What a desperate time it was for America: 1932, the worst year of the Great Depression. We see the old newsreels with families wandering the streets of Manhattan holding up homemade signs: "Why can't you give my dad a job?" "Four children for sale."
In the penthouses high above the city, things were better, of course, but not much. People were jittery, as if they were walking on thin ice.
A prominent socialite, Millicent Jordan, throws a dinner party and everything goes wrong. The food is burned, the guests of honor cancel, and in short order we're apprised of two failed marriages among the other guests as well as a business swindle, a fatal illness, one or two cases of serial adultery and a suicide. Trouble in Paradise.

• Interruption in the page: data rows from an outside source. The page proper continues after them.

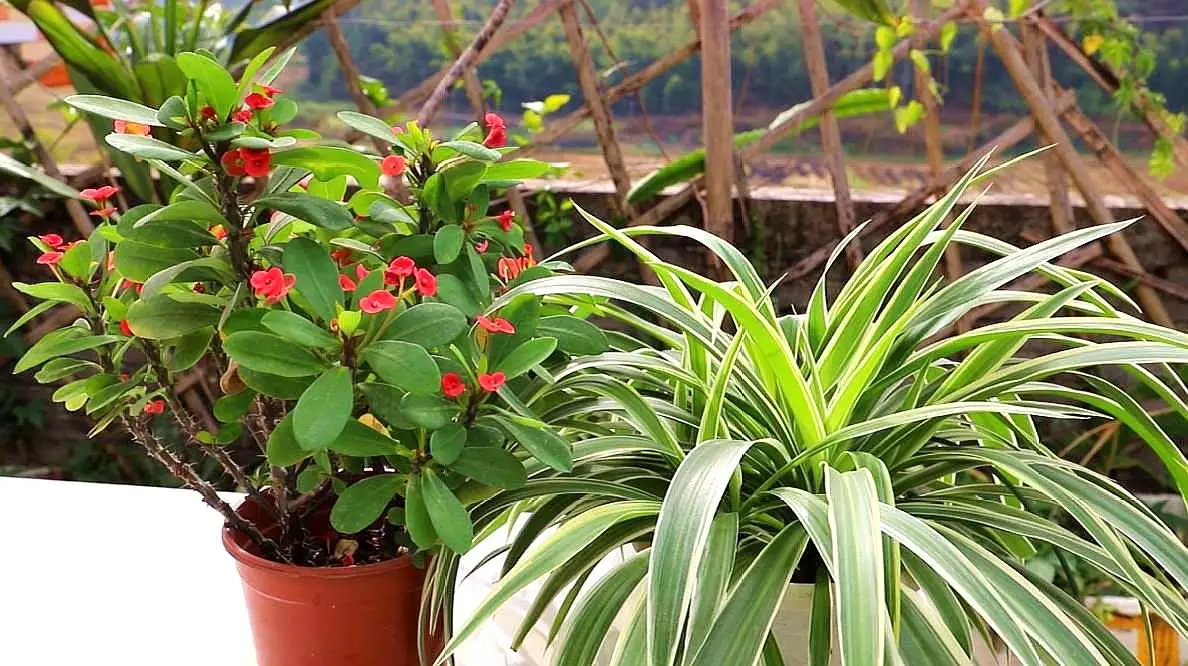 4种天气愈热生长愈快的花草，地栽种植很容易泛滥，种植要谨慎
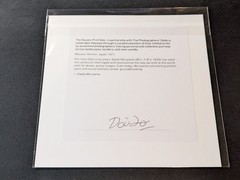 Daido Moriyama – Signed – Stray Dog – Misawa, Japan – Magnum 6″x6″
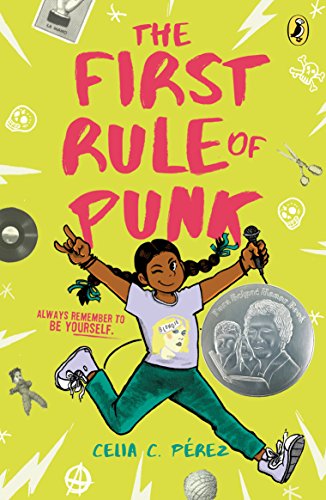 The First Rule of Punk book cover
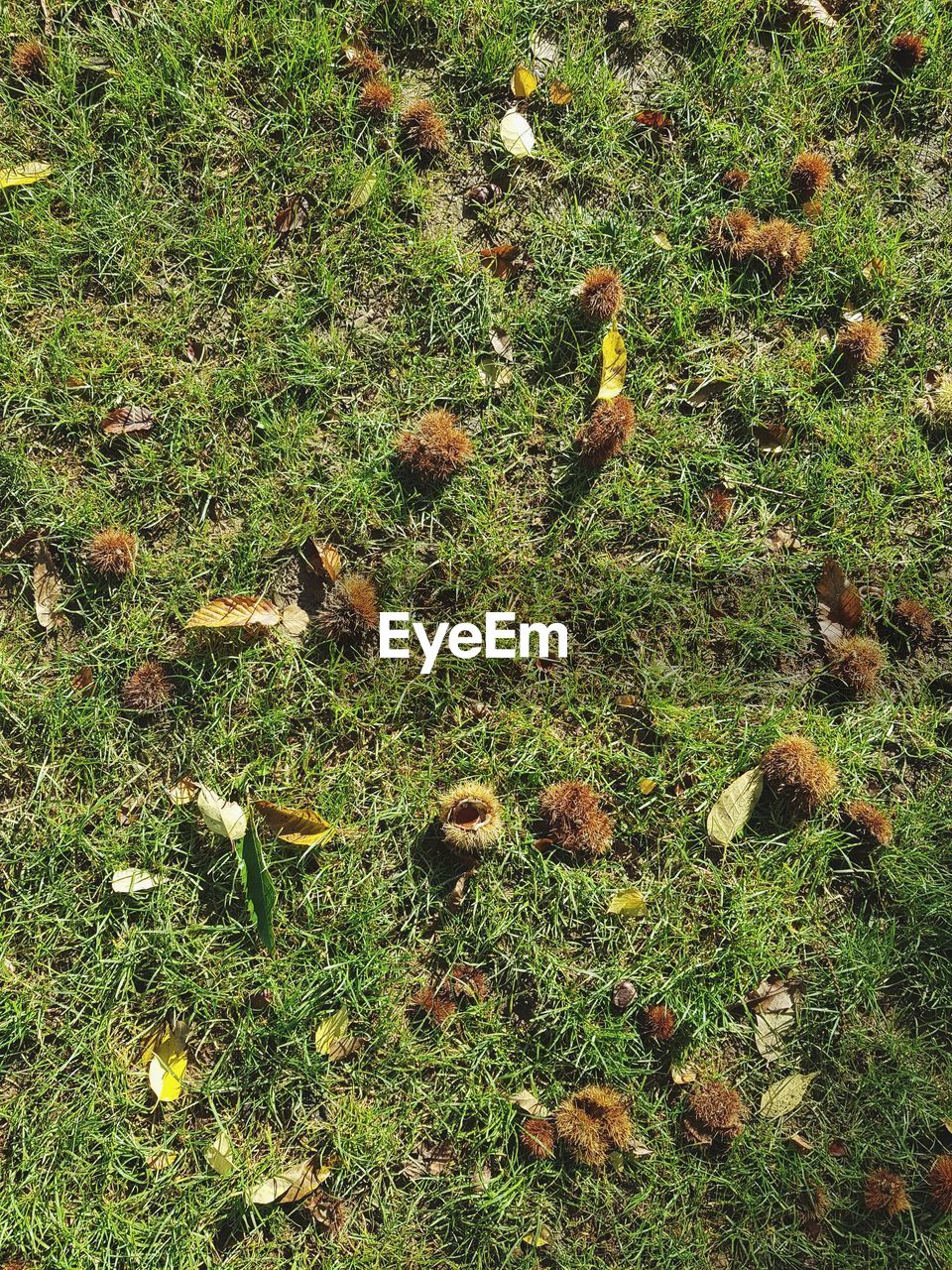 HIGH ANGLE VIEW OF GREEN PLANTS ON FIELD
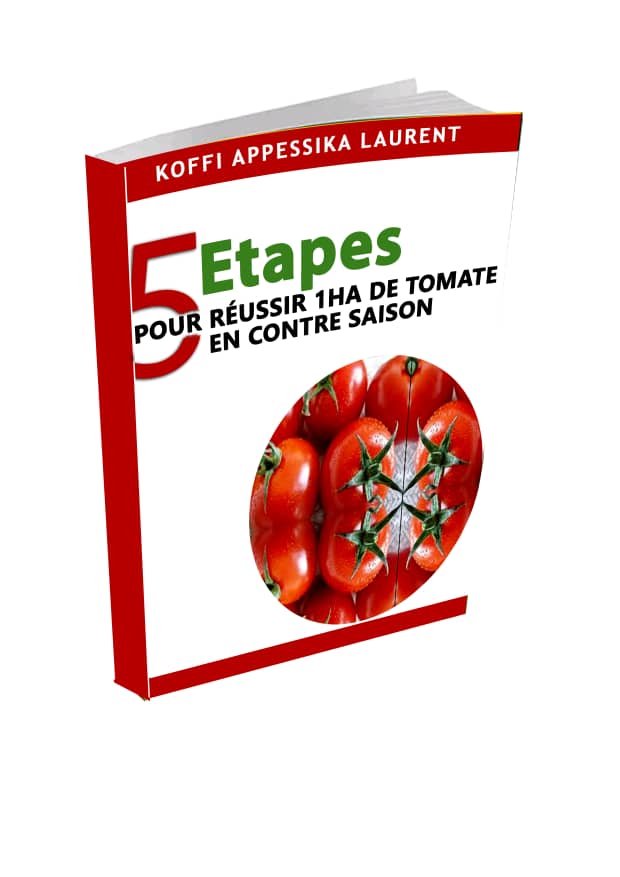  Livres Disponibles Sur La Conduite De Vivriers - fruits et légumes bonjour, ----les cultures vivrières rapportent énormément d'argent chaque année. mais malheureusement beaucoup de personnes intéressés par ce secteur ignorent les choses importantes à savoir pour réussir dans ce domaine. ----nous avons 5 livres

George S. Kaufman and Edna Ferber chronicled these foibles of the rich in the hit play "Dinner at Eight," which opened on Broadway in that difficult year of 1932. The classic all-star movie version with Jean Harlow as the not-so-dumb golddigger Kitty Packard came along a year later.
And now, courtesy of Minnesota Opera, we have an opera version with a sparkling, imaginative score by William Bolcom and a deft, astute libretto by Mark Campbell. The show opened Saturday night at the Ordway Music Theater in St. Paul.
The production, staged with thoughtful flair by Tomer Zvulun — and smartly designed by Alexander Dodge — makes much of the locale.
Manhattan becomes almost a character. A closely detailed aerial view of the city is the backdrop; the newsreels are seen as projections at the start of each act, and the interiors have a chic '30s-style Art Deco look. It wouldn't seem odd if Fred and Ginger were to take a twirl across the Jordans' living room.
Typical of Bolcom's work, the score draws on a wide range of idioms — marches, waltzes, tangos — along with tangy harmonies and atmospheric etches. Although "Dinner at Eight" is definitely an opera, Bolcom's music feels in places like a Broadway musical of the early '30s.